Paulin Bordeleau was head coach of the Fredericton Canadiens from 1990 to 1997, bringing up numerous players for the 1993 Stanley Cup victory for the Montreal Canadiens, including Benoit Brunet, Gilbert Dionne, Turner Stevenson, Paul Dipietro, and Jesse Belanger.

As a result of the talent drain that season, the Fredericton Canadiens missed the AHL playoffs for only the second time in the farm teams history, the first being the 1985-86 season when the Montreal Canadiens also drained the minor-league club to win the Stanley Cup in.

Bordeleau was also able to prepare a whole litany of players who would go on to have long NHL careers: Oleg Petrov, Donald Brashear, Brian Savage, Craig Conroy, Darcy Tucker, and Craig Rivet to name a few. The team missed the playoffs for a second time in 1997 under his guidance, after which his contract was not renewed by General Manager Réjean Houle.

The two were at odds over Bordeleau’s decision to suit up for the Fredericton Canadiens as a player at age 44 as the team was short on players due to call-ups to Montreal; a decision that Bordeleau took without consulting the beleaguered GM. In his return game, nine years after retiring, Bordeleau got two assists and received the first star of the game.
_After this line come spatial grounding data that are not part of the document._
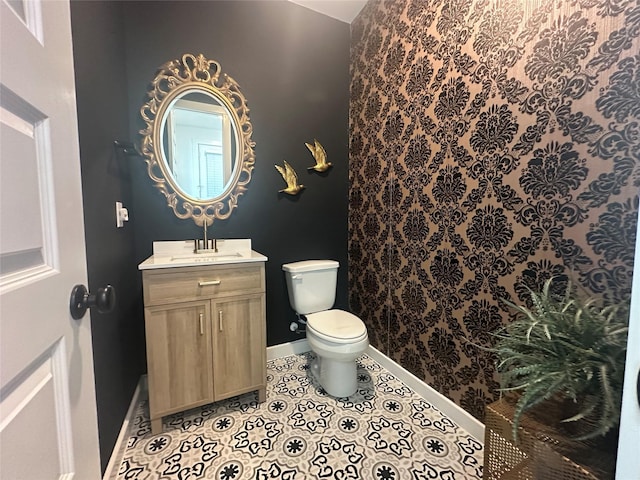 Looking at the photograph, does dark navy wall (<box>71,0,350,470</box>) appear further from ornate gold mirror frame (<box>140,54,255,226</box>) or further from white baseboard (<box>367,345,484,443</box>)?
white baseboard (<box>367,345,484,443</box>)

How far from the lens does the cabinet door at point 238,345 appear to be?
155cm

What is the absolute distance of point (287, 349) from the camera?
7.34 feet

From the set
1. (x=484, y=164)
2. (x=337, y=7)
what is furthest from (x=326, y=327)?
(x=337, y=7)

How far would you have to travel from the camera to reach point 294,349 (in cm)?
226

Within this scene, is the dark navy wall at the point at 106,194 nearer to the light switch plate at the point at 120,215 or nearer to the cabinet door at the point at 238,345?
the light switch plate at the point at 120,215

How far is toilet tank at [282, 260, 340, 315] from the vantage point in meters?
2.03

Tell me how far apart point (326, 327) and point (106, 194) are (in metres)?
1.36

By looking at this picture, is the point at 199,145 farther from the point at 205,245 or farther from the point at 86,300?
A: the point at 86,300

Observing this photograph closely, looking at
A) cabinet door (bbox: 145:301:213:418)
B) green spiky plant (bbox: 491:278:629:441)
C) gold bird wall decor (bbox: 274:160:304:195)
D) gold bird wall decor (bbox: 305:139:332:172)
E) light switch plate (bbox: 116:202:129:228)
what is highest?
gold bird wall decor (bbox: 305:139:332:172)

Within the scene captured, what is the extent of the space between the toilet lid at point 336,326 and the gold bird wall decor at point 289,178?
95 cm

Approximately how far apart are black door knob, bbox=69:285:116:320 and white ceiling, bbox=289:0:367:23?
2.37 meters

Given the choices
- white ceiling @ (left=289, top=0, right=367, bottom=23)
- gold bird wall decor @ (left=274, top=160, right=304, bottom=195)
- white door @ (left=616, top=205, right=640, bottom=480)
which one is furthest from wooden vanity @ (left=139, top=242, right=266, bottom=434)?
white ceiling @ (left=289, top=0, right=367, bottom=23)

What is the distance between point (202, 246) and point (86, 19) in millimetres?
1205

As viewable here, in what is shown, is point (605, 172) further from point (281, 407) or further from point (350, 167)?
point (281, 407) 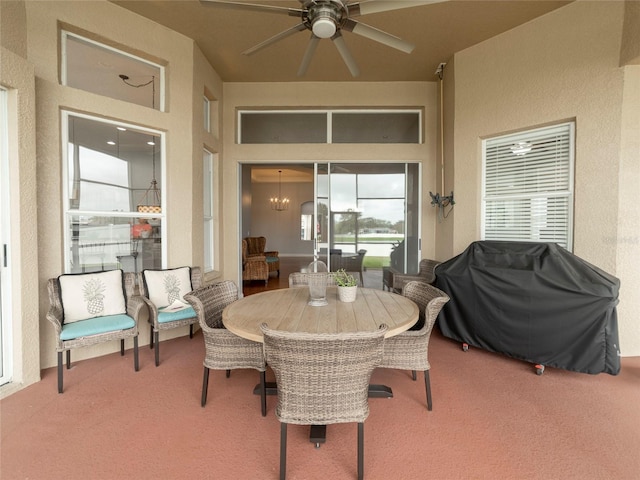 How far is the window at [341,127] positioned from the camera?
4.57 meters

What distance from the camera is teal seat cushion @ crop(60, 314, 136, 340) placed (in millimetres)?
2475

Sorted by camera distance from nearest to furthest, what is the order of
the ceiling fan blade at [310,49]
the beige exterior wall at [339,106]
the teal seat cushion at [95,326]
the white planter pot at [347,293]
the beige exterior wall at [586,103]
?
the ceiling fan blade at [310,49] → the white planter pot at [347,293] → the teal seat cushion at [95,326] → the beige exterior wall at [586,103] → the beige exterior wall at [339,106]

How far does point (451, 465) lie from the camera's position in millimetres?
1665

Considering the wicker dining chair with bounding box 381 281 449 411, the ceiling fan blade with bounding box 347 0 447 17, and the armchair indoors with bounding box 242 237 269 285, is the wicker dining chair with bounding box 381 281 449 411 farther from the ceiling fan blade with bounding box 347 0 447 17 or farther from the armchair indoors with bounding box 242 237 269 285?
the armchair indoors with bounding box 242 237 269 285

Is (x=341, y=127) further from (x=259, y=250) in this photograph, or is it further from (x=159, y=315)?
(x=259, y=250)

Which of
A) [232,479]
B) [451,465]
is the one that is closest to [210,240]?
[232,479]

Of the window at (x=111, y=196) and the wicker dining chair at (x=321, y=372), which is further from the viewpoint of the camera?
the window at (x=111, y=196)

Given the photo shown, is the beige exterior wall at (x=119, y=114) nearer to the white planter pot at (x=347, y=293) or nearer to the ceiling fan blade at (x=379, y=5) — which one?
the white planter pot at (x=347, y=293)

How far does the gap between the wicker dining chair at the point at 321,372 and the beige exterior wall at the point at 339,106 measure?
137 inches

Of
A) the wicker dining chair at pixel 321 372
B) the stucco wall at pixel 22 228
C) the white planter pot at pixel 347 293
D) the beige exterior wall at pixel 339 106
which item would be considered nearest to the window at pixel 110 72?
the stucco wall at pixel 22 228

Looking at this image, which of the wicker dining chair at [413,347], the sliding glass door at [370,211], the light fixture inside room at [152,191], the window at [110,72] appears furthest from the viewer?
the sliding glass door at [370,211]

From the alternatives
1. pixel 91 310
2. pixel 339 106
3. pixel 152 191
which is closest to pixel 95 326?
pixel 91 310

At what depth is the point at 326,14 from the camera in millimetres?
1933

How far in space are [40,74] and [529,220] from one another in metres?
5.14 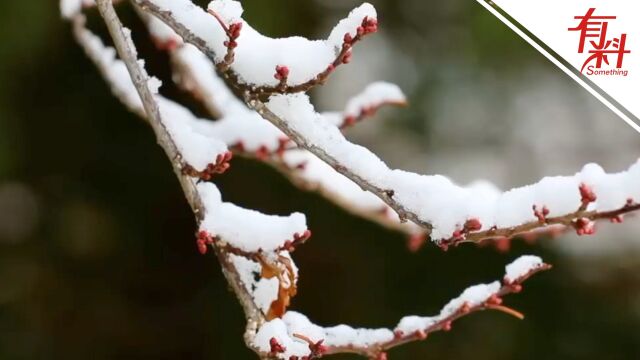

“I told him I would prefer to not see him in uniform again,” said an unamused Houle when asked about it the following day, but Bordeleau played two more games, adding a goal and an assist to his stat line before retiring as a player for good. The team never won a Calder Cup under Bordeleau’s watch, but did make it to the finals in 1995, losing in four straight games to the Albany River Rats.